Türk izleyicisinin son derece özel bir seyirci profiline sahip olduğunu belirten Tiyatro müdürü Tatyana Suhonina, sohbetin devamında şunları ifade ediyor: ‘‘Kardeş kent Antalya’daki Türk izleyiciler tıpkı Omsk’daki izleyicilerimiz gibi tek kelime ile mükemmel. Oyuna gelen misafirlerimiz uzun bir süre sahneyi terk etmemize müsaade etmedi ve bizleri ayakta alkışladı. Oyundan sonra görüştüğümüz uzmanlar ve eleştirmenler, bugüne kadar kentte sahne almış yabacı tiyatro ekiplerinden hiçbirinin Doğu Türk ve Pers kültürlerini bizim kadar başarılı yansıtamadığını belirtti. Oyuncularımız Antalya’nın bulunduğu yöreden, burada yaşayan insanlardan ve dilden çok etkilendiler. Bazı oyuncularımız birkaç kelime Türkçe öğrenme fırsatı yakaladı. Burada bize çok özel bir ilgi ve alaka gösterildi. Gittiğimiz her yerde sevgi ile karşılandık’’.

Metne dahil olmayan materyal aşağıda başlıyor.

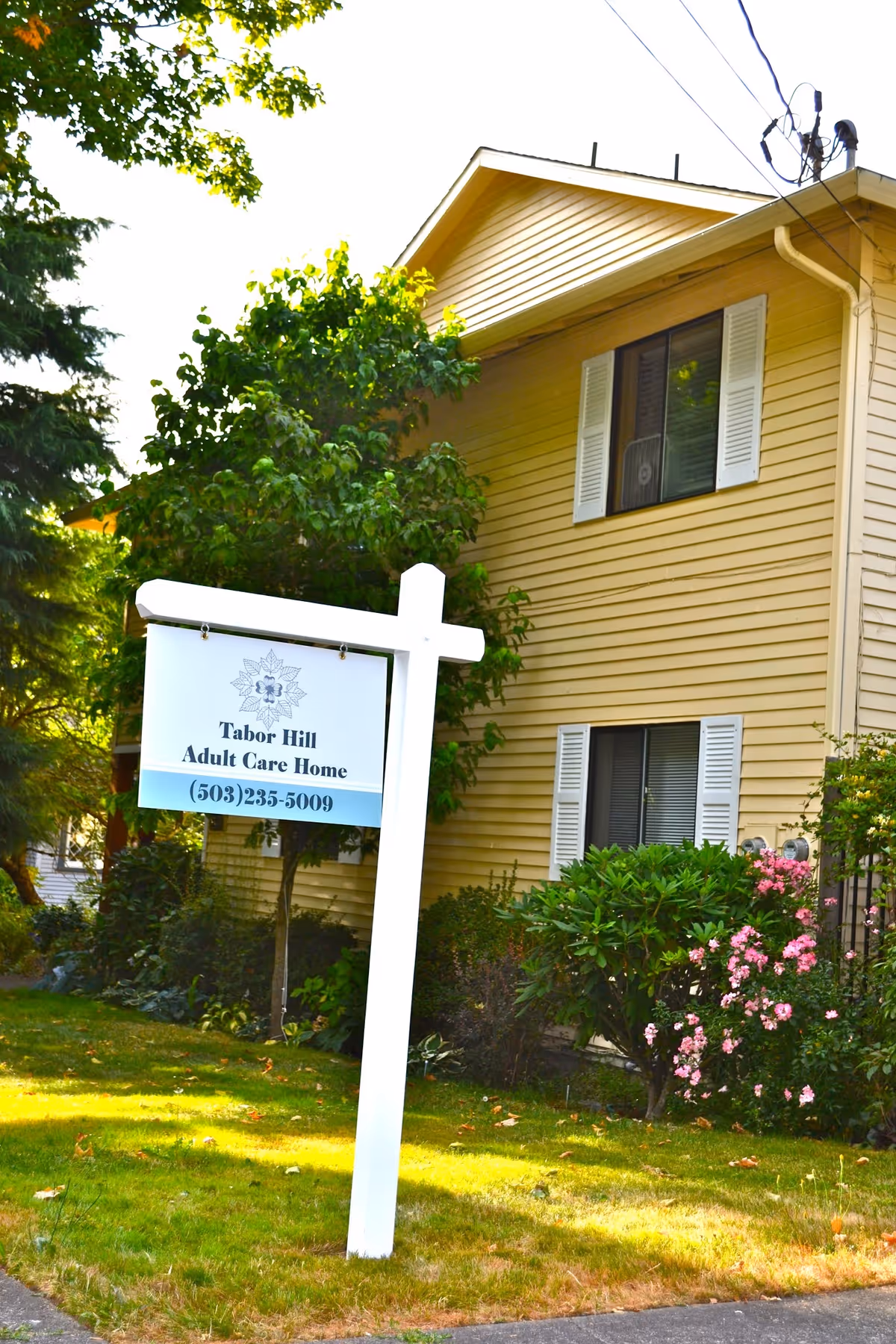 Exterior view of a yellow two-story house with white window shutters surrounded by green trees and bushes. A white signpost in the front yard reads 'Tabor Hill Adult Care Home (503) 235-5009'.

Sohbetin sonunda gösterdikleri misafirperverlik, cana yakınlık ve yakın ilgi için Antalyalılara teşekkürlerini ifade eden Stüdyo Yermolayeva Tiyatrosu müdürü Tatyana Suhonina, genel tiyatro geleneğine uygun olarak, Antalya ile ilgili olarak gelecekte gerçekleştirecekleri projelerin detaylarına ilişkin bilgi vermese de, bu yılın Mayıs ayında düzenlenecek olan Uluslararası Antalya Tiyatro Festivali’ne aktif bir şekilde katıl göstermeyi ve karşılıklı işbirliği çerçevesinde yönetmen değişim programlarını hayata geçirmeyi planladıklarını belirtti. Nazım Hikmet’in Kraliçe Aşk isimli oyunu ise bundan sonra artık Omsk’lu tiyatro severler için sahnelenecek.